Third, clamoring for merely greater minority representation in media ignores the fact that the quality of that representation also matters. Hattie McDaniel may have made history by being the first black woman to win an Oscar, but she also won it playing “Mammy” in Gone with the Wind.” Octavia Spencer was amazing in The Help (and won an Oscar for it in 2011), but ultimately she was still playing “the help”. For a long time now, advocates for actors of color have been pushing not just for more roles but better roles, where minority actors aren’t simply playing stereotypes, even when they win awards for it. Focusing on having more Oscar nominations neglects this critical part of the conversation.

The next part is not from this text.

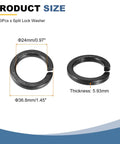No Frills M24 Split Lock Washers 20 Pack 304 Stainless Steel Spring Safety Rings 0.97 Inch Inner Diameter dimensions image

Fourth and finally, the #oscarssowhite focus ignores the fact that nearly every Best Picture nominee this year centers on liberal-associated issues and cultural tropes. Let’s go through the list, shall we?

  1. The Martian – the value of STEM Education (includes relatively diverse cast, albeit with many Asian characters being replaced by actors of other races)
  2. Brooklyn – the immigrant experience, pre-second-wave feminism, strong female lead
  3. The Big Short– the 2008 financial crisis and income inequality, capitalistic excess goes unpunished, white guys behaving badly
  4. Spotlight – brave journalists exposing corruption within a powerful religious institution
  5. Room – domestic violence, strong female lead, the challenges of nontraditional parenthood
  6. The Revenant – a brutal take-down of the romanticized frontiersman narrative, Native Americans aren’t the bad guys (!)
  7. Bridge of Spies – the Cold War was bad? (hey, I said nearly every nominee – also, it’s Spielberg, so you can’t expect anything too politically risky)
  8. Mad Max: Fury Road – Strong female lead(s), commodification of the female body, oppressive patriarchal society, gender equity shown as the Strong Leads Learn From Each Other

Sure, I’m exaggerating a little for comedy, but you see where I’m going with this. There’s a lot to like here if you’re a left-leaning film critic. Credit where credit is due, right?

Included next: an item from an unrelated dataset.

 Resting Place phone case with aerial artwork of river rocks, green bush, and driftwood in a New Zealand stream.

Obviously at the end of the day I do not think that Hollywood is anywhere close to telling enough stories from the minds of storytellers of color. And even within the Oscar nominations, there are very legitimate gripes about actors of color and the films they are in being passed over (Straight Outta Compton comes to mind) – again, I’d urge everyone to read the report from the Ralph J. Bunche center.  But #OscarsSoWhite is the most reductive, least thoughtful way I can think of engaging with this problem and finding a real solution.